Retype, word for word, each line between the lines holding "18RMC161A IXO 1/18" and "Gatorade Fruit Punch 591ml x 6", inclusive, and leave the rest of the data alone.

Dataset records:
┌──

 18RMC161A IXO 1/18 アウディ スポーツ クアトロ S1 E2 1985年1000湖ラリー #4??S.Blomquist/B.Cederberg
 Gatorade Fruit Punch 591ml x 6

└──
┌──

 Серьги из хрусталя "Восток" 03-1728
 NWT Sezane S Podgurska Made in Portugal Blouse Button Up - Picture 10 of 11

└──

Task result:
 18RMC161A IXO 1/18 アウディ スポーツ クアトロ S1 E2 1985年1000湖ラリー #4??S.Blomquist/B.Cederberg
 Gatorade Fruit Punch 591ml x 6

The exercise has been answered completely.